Nicht nur sprechen die Flexibilität und die Planungssicherheit für das heutige System, sondern ebenfalls das Kosten­argument. Das Rekrutieren von Arbeitnehmern würde wieder zu einem zeitintensiven, komplizierten Verfahren aufgebläht. Da die Initiative einen Schweizer-Vorrang vorsieht, müsste die entsprechende Suche jedes Mal minutiös belegt werden. Ob dies dann für eine Rekrutierungserlaubnis im Ausland reichte, steht trotzdem in den Sternen, denn möglicherweise wäre ja das Kontingent bereits erschöpft. Warum? Die Initiative wirft alle Nicht-Schweizer in den gleichen Topf – egal, ob sudanesischer Asylbewerber oder deutscher Ingenieur, österreichischer Grenzgänger oder französischer Post-Doc-Student.

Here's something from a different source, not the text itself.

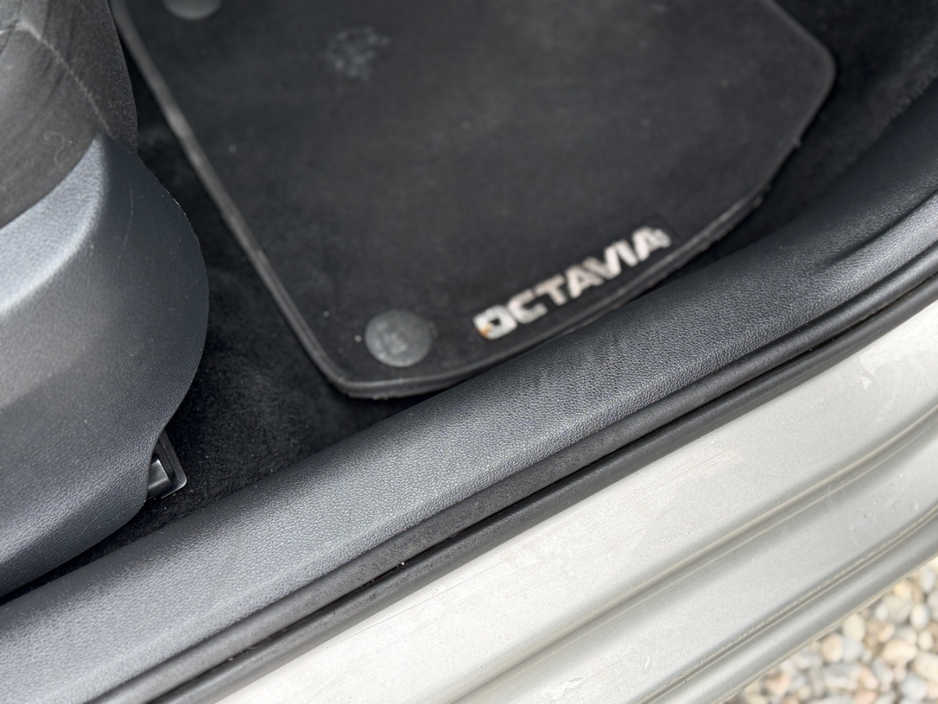 2017 Skoda Octavia 1.6L Diesel For Sale Images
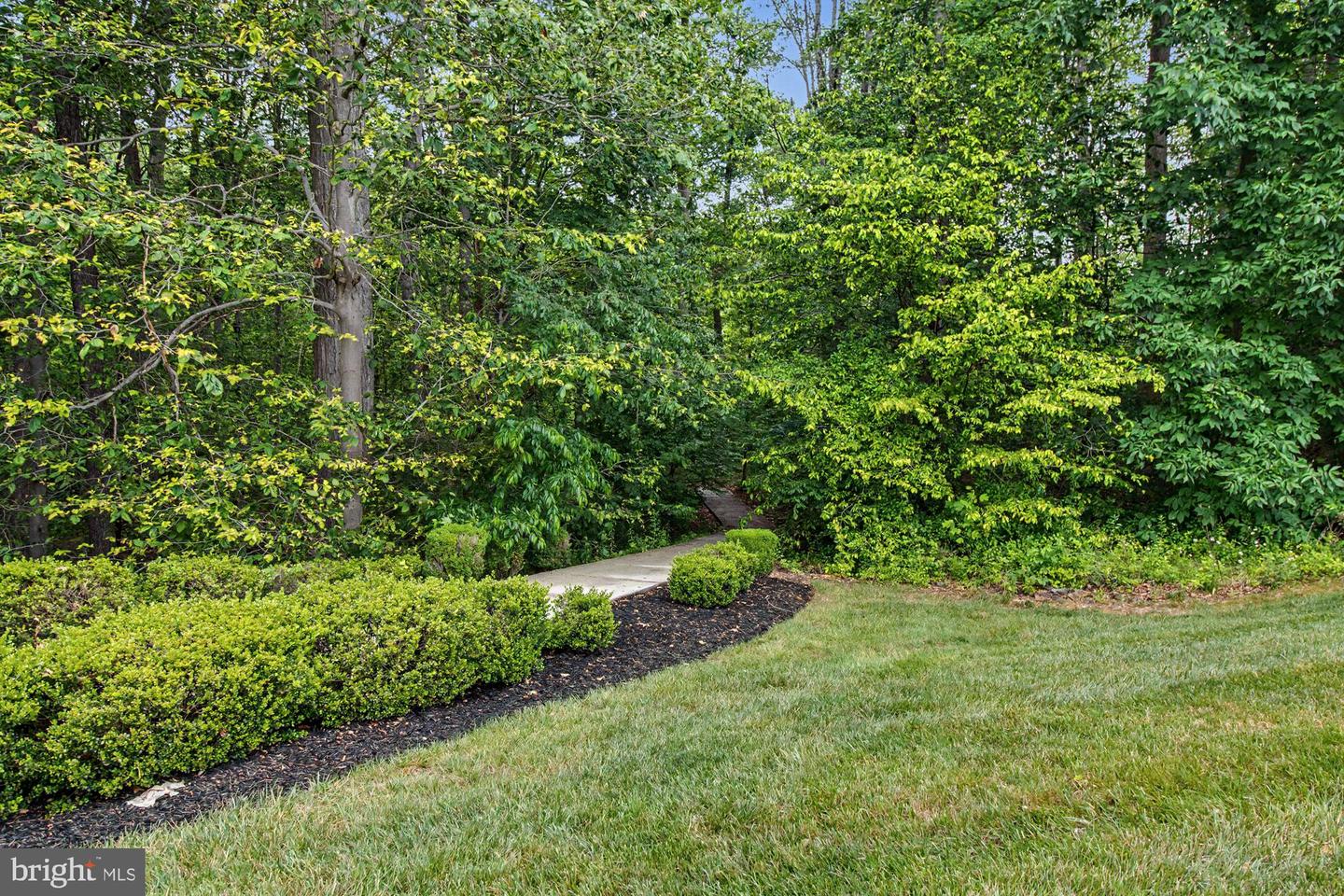259 Beckenham Cir #201 Property Photo 26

Selbstredend führte der Kontingentvorschlag der Initianten auch dazu, dass der Staat mit einem geeigneten Beamtenapparat die voraussichtlich rund 190 000 Gesuche jährlich abzuarbeiten hätte. Dieser staatliche Bürokratieausbau müsste dann wiederum durch höhere Unternehmenssteuern getragen werden. Aber auch Konsumenten und normale Steuerzahler würden ganz sicher in Mitleidenschaft gezogen. Es kann nicht sein, dass die Schweiz sich jahrelang darum bemüht, steuerlich ein attraktiver Standort für Unternehmen zu sein, um sich dann einen derartigen Mühlstein um den Hals zu hängen.

Alterung vs. Abschottung

Weiter ist klar, dass der heute liberale Arbeitsmarkt es den Unternehmen erlaubt, auf einen riesigen Pool an gut ausgebildeten Berufsleuten zurückzugreifen. Dies wird umso wichtiger, wenn man sich den demografischen Wandel vor Augen führt. Die Schweiz ist eine überalternde Gesellschaft. Dabei handelt es sich wohl um eine der grössten Herausforderungen kommender Jahrzehnte. Die Babyboomer gelangen zunehmend ins pensionsfähige Alter. Sie müssen erstens auf dem Arbeitsmarkt ersetzt werden, und zweitens gilt es, die notwendigen Alterssicherungssysteme adäquat zu finanzieren. Diese Herkulesaufgabe wird mit nur inländischem Nachwuchs nicht zu bewältigen sein, zumal die Lebenserwartung weiter steigen wird. Die Schweiz tut gut daran, für eine ausgeglichene Bevölkerungsstruktur zu sorgen. Wer das Land abschotten will, verbaut sich diese Möglichkeit.

Das Fazit in Bezug auf den Urnengang vom 9. Februar fällt entsprechend klar aus. Aus volkswirtschaftlicher und noch mehr aus Arbeitgebersicht hat die SVP-Initiative ein deutliches Nein verdient.